Dr. Alaedini’s team also discovered elevated C-reactive protein (CRP) in PTLDS patients. CRP is an important biomarker for inflammation, because it plays a role in promoting or shutting down inflammatory activity by different cells. It’s considered a sensitive indicator of infection and inflammation, and is part of the innate acute immune response. Since the levels of CRP decrease rapidly after infection resolution, it is a good gauge of recovery. Remarkably, Dr. Alaedini’s group showed that CRP levels were high, greater than 10 mg/L, in Lyme patients with either single or multiple EM rashes. These concentrations indicated clinically significant inflammation during early infection. CRP levels then diminished in patients with neurological symptoms or antibiotic-responsive arthritis. What’s interesting however, is that PTLDS patients, as well as antibiotic-refractory arthritis patients had significantly higher CRP than patients who were treated and returned to health. This suggests that CRP became elevated with prolonged symptoms, and is another potential objective biomarker that might indicate PTLDS.

A corollary of these findings was a study of CRP in myalgic encephalomyelitis/chronic fatigue syndrome (ME/CFS) patients. Symptoms like chronic pain, fatigue, memory and cognitive loss are shared between ME/CFS and PTLDS patients. However, the researchers found no significant difference in CRP levels between ME/CFS patients and healthy controls, suggesting that there are distinct inflammatory mechanisms in PTLDS and ME/CFS. The two findings, that CRP and VlsE antibodies can be used to differentiate PTLDS patients from other Lyme patients, are another indication of the complexity of Lyme disease.

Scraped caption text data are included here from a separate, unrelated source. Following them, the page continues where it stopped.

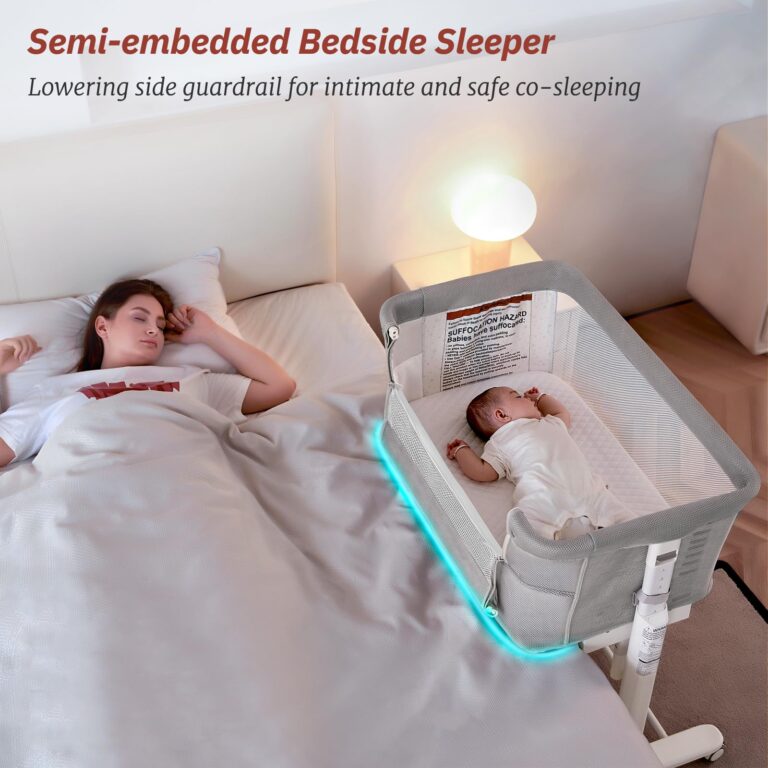 VaVaSoo Rocking Bassinet for Baby Automatic Bedside Crib Electric Baby Cradle 5 Heights Adjustable Bedside Sleeper for Infant Smart Auto Rocking Crib 3 in 1 Bassinet on Wheels, Light Grey - Image 6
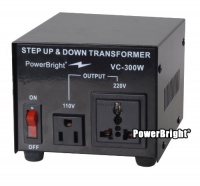 Power Bright VC300W Voltage Transformer 300 Watt Step Up/Down converter  110/120 Volt - 220/240 Volt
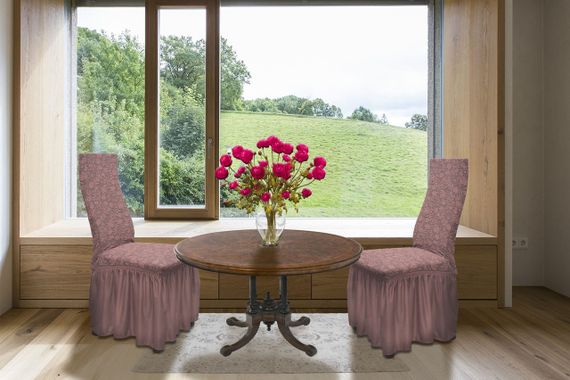 Жаккардовые чехлы на стулья Roza с юбкой Пудровые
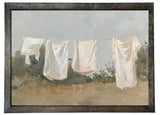Wood Framed Print - Clothes Line - Handmade in USA, gallery wall art, framed decor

The findings give hope for clinical advances because they may show new, objective and reproducible ways of diagnosing PTLDS. But they also show something else. Far from being a discrete set of symptoms with a straightforward immunological narrative, these data show that long-term suffering attributed to Lyme disease has complicated biological correlates. PTLDS patients who have been dismissed as hypochondriacs can now be vindicated by showing that their symptoms are not simply somaticized mental disorders. Whether CRP or VlsE antibody evolution actually cause ongoing symptoms, or are the discernible outcomes of a poorly-understood pathway of disease processes remains to be discovered.

Dr. Alaedini's work in this area has stalled due to the lack of federal and private funding for Lyme disease research, and he continues his association with GLA as a member of our distinguished Scientific Advisory Board. With more fundraising, and further research, we hope to translate these data into tangible benefits for patients.